- Born: 1962 (age 63–64) Uganda
- Citizenship: Uganda
- Education: Makerere University (Bachelor of Science with Education) Heriot-Watt University (Master of Business Administration) Association of Chartered Certified Accountants (Chartered Certified Accountant)
- Occupation: Bank executive
- Years active: 1994–present
- Title: Managing director, Commercial Bank of Africa (Rwanda)

= Edigold Monday =

Ugandan businesswoman, accountant, bank executive, and educator

Edigold Monday is a Ugandan accountant, businesswoman, bank executive, and educator. She is the Uganda country director of Sparkassen-Finanzgruppe's foundation for international cooperation (Sparkassenstiftung für internationale Kooperation e.V.)., since December 2018.

Previously, she served as the managing director and chief executive officer of Commercial Bank of Africa (Rwanda), a licensed commercial bank.

Before that, she worked as the managing director of Bank of Africa (Uganda). Monday was the first Ugandan woman to hold the position of managing director and chief executive officer at BOA-Uganda and also the first Ugandan woman to serve as the chief executive officer of a commercial bank in the country's history.

==Education==
Monday was admitted to Makerere University in 1984, graduating in 1987, with a Bachelor of Arts in economics and education. She is a chartered certified accountant, certified by the Association of Chartered Certified Accountants. Her second degree is a Master of Business Administration, obtained from Heriot-Watt University. She has attended many other business, management and banking courses, according to her online résumé.

==Career==
Monday became a banker in 1994, starting as an accountant trainee at Centenary Bank. Over the years, she rose to the rank of chief internal auditor at Centenary Bank in 2001. In 2004 she left Centenary and joined Uganda Wildlife Authority, as their director of finance and administration, from June 2004 until January 2007.

She later joined Commercial Microfinance (CMF), a Tier II microfinance institution, rising to the level of executive director.
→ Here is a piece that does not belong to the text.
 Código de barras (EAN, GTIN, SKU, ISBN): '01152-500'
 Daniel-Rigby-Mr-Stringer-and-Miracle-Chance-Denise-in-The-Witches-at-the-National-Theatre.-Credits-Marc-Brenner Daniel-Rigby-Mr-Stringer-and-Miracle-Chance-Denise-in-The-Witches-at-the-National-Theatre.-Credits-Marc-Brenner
When Industrial and General Insurance Company Plc. of Nigeria acquired CMF in 2008, renaming the institution Global Trust Bank, Monday served briefly as interim executive director before leaving to join BOA-Uganda. In 2009, she was appointed to serve as acting managing director at BOA-Uganda. She was confirmed in that capacity in December 2010, a position she held until her resignation in April 2014.

Effective 30 June 2014, Monday worked as the managing director/CEO of Crane Bank Rwanda Limited. When Commercial Bank of Africa (Rwanda) acquired Crane Bank Rwanda, on 21 February 2018, Monday became the managing director of the new bank.

In July 2018, CBA Rwanda appointed Lina Higiro as the new CEO, replacing Monday.